Keras is one of the leading high-level neural networks APIs. It is written in Python and supports multiple back-end neural network computation engines.
Keras and TensorFlow
Given that the TensorFlow project has adopted Keras as the high-level API for the upcoming TensorFlow 2.0 release, Keras looks to be a winner, if not necessarily the winner. In this article, we'll explore the principles and implementation of Keras, with an eye towards understanding why it’s an improvement over low-level deep learning APIs.

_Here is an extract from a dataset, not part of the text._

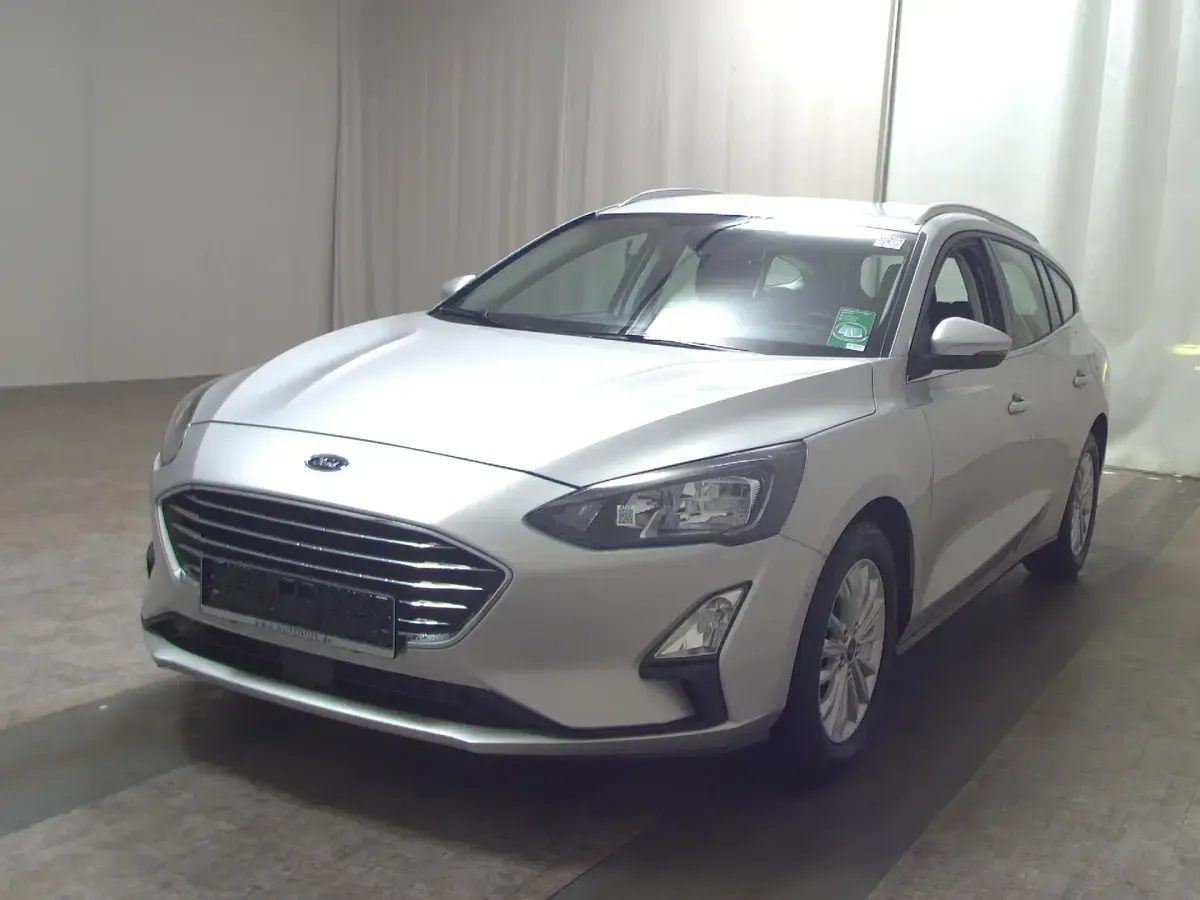 Usado Ford Focus Titanium 125 CV (91 kW) 2021 Plateado Berlina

Even in TensorFlow 1.12, the official Get Started with TensorFlow tutorial uses the high-level Keras API embedded in TensorFlow, tf.keras. By contrast, the TensorFlow Core API requires working with TensorFlow computational graphs, tensors, operations, and sessions, some of which can be hard to understand when you're just beginning to work with TensorFlow. There are some advantages to using the low-level TensorFlow Core API, mostly when debugging, but fortunately you can mix the high-level and low-level TensorFlow APIs as needed.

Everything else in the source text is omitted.